JACKSON, Miss. (Mississippi Today) – As he tours the state selling his plan to eliminate Mississippi’s individual income tax and increase sales taxes, House Speaker Philip Gunn utters a common refrain: “No one has really been able to tell me why from a policy standpoint it’s a bad idea … From a policy standpoint, no one’s been able to poke a hole in it.”
But leaders and groups across the political spectrum have poked holes in or raised concerns about his plan. And those holes and concerns have been based primarily on policy — the particulars of Gunn’s proposal, not politics.
Advocates for poor and moderate income Mississippians say the plan would unfairly shift more of the state’s tax burden onto them. Ditto for retirees.
Big business interests such as manufacturers fear the sales tax increases in the plan would increase their “input” costs drastically down their supply chains. Small businesses fear this, too.
Some of Gunn’s fellow Republican lawmakers fear the sea change in tax structure would tank the state budget. Democratic lawmakers fear this, too.
Farmers, teachers, business leaders, conservatives, progressives, the lieutenant governor and Senate, the governor — who himself advocates eliminating the income tax but opposes corresponding sales tax increases — have expressed skepticism, if not outright opposition, to Gunn’s proposal. Analyses by state economics experts have been mixed, and even the conservative think tank Gunn credits with the impetus for his proposal has panned some particulars of the plan.
So far, no Mississippi statewide elected leader or major business or policy group has fully endorsed Gunn’s plan, and even those who support the concept do so with caveats, reservations and concerns about its particulars and unintended consequences.
Mississippi’s National Federation of Independent Businesses, which represents the state’s small businesses, briefly endorsed Gunn’s plan when he rolled it out in February. In a statement at the time, NFIB said: “Our members are behind this 100% … Eliminating the personal income tax would provide much-needed financial relief to small business owners struggling to recover from the economic crisis created by the COVID-19 pademic.”
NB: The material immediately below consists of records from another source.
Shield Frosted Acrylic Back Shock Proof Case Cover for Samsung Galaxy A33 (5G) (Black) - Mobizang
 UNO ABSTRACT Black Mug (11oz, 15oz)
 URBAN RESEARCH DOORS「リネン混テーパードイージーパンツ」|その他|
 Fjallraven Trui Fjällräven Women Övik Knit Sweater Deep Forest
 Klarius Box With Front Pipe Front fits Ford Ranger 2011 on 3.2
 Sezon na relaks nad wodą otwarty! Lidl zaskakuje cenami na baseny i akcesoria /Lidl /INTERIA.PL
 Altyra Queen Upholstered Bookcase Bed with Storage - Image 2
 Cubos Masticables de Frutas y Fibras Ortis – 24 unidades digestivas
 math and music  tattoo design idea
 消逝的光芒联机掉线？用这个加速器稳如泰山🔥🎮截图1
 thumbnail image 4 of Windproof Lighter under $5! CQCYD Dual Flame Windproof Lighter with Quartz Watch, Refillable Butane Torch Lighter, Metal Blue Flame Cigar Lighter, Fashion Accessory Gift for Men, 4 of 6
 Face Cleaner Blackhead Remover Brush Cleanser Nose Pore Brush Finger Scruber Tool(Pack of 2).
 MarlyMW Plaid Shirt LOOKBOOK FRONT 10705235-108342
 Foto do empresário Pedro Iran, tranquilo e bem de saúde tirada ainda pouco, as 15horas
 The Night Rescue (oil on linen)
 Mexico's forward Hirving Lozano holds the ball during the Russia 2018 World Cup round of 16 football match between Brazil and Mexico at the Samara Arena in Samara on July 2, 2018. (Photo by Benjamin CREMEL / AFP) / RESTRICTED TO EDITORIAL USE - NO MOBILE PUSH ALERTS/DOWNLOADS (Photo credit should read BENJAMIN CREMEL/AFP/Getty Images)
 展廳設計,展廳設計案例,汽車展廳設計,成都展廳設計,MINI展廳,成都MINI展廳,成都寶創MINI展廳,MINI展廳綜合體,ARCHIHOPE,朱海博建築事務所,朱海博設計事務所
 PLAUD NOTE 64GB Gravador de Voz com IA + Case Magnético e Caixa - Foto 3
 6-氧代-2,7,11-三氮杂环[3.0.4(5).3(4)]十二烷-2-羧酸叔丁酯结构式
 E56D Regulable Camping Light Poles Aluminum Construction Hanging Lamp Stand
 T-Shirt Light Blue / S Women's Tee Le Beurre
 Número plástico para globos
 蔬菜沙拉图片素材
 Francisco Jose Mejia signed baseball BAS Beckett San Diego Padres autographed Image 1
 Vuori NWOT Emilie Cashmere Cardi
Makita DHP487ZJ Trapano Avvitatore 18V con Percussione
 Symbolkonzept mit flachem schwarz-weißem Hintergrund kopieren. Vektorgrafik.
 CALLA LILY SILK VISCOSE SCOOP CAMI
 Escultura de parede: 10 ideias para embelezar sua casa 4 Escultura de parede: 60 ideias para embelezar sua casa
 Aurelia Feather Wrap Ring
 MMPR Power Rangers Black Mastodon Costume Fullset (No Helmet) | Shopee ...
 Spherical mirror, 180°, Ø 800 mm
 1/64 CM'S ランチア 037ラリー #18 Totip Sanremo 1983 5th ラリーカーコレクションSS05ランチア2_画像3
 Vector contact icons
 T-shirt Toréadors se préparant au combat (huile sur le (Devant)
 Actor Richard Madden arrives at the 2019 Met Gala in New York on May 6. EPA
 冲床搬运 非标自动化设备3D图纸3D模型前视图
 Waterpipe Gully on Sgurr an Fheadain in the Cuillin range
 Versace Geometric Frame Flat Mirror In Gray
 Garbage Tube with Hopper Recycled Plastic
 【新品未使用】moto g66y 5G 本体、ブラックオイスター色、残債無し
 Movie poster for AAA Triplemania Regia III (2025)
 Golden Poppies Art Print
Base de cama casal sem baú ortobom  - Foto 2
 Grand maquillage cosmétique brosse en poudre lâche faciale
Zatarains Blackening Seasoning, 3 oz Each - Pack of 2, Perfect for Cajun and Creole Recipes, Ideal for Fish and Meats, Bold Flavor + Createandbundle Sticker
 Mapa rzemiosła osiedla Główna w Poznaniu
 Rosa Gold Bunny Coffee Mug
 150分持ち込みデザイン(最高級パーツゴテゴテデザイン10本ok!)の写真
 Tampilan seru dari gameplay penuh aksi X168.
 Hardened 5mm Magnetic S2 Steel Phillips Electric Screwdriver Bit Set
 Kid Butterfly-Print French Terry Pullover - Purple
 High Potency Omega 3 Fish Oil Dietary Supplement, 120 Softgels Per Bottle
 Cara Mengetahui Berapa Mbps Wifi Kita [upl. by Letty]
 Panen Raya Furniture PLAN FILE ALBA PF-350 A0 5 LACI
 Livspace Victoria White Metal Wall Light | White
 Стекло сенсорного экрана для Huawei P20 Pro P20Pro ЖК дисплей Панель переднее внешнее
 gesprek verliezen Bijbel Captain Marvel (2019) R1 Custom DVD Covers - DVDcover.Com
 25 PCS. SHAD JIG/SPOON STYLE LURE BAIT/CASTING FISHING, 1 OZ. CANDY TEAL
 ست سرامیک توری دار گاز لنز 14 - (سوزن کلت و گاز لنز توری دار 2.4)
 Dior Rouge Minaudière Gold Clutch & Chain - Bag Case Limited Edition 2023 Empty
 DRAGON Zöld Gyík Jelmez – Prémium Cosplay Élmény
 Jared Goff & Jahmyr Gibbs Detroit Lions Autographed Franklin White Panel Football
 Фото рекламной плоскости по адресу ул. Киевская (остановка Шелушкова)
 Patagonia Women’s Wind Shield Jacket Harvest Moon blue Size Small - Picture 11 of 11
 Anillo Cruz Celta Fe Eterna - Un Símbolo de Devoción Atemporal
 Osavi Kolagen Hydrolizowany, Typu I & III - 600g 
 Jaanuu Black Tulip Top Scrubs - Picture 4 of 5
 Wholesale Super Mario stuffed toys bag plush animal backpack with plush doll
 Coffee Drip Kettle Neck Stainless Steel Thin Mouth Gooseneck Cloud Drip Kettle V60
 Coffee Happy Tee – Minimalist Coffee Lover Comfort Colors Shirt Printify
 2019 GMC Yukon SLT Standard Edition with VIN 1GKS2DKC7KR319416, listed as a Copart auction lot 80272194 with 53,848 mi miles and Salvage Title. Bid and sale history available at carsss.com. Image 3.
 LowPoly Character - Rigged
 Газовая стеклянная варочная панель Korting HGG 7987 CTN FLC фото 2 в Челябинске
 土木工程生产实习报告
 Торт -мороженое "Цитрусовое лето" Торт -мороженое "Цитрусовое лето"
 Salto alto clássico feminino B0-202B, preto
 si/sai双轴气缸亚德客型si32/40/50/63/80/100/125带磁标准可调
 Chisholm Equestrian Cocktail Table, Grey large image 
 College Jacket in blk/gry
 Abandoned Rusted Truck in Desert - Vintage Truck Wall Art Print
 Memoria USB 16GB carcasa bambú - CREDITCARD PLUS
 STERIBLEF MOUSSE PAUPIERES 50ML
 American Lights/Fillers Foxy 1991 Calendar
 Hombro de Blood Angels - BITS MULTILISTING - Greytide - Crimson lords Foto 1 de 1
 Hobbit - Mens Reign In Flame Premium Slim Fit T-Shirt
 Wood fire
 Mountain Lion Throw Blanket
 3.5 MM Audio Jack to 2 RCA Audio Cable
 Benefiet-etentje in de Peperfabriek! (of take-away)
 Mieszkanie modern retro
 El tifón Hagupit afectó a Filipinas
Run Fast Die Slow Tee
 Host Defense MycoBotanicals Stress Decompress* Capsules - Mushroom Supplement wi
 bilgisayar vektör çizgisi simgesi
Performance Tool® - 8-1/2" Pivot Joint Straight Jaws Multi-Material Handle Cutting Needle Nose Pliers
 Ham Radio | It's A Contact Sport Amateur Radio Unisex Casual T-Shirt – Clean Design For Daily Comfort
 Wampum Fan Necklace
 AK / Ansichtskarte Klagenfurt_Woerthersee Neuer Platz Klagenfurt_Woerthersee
But within a couple weeks, NFIB walked back its endorsement, saying in a new statement: “While our members support the idea of eliminating the state individual income tax, the devil’s in the details, and (the plan) would end up helping some small business owners but raising taxes on specific industries … We will continue to work with legislators … on a final bill that doesn’t pick winners and losers but helps small businesses.”
Economist Art Laffer, an adviser to former President Ronald Reagan, in March endorsed Gunn’s tax plan. But in a subsequent interview with Supertalk Radio, Laffer admitted he had not read the particulars of the plan, and mainly just endorses the idea of personal income tax elimination.
But Gunn says his plan is based upon good “economics 101” principles — “more sound and better tax structure is one based on consumption rather than income tax.” He said the nine U.S. states with no income tax, including Florida, Tennessee and Texas, are economically thriving and attracting more people unlike Mississippi, one of just three states to lose population since 2010.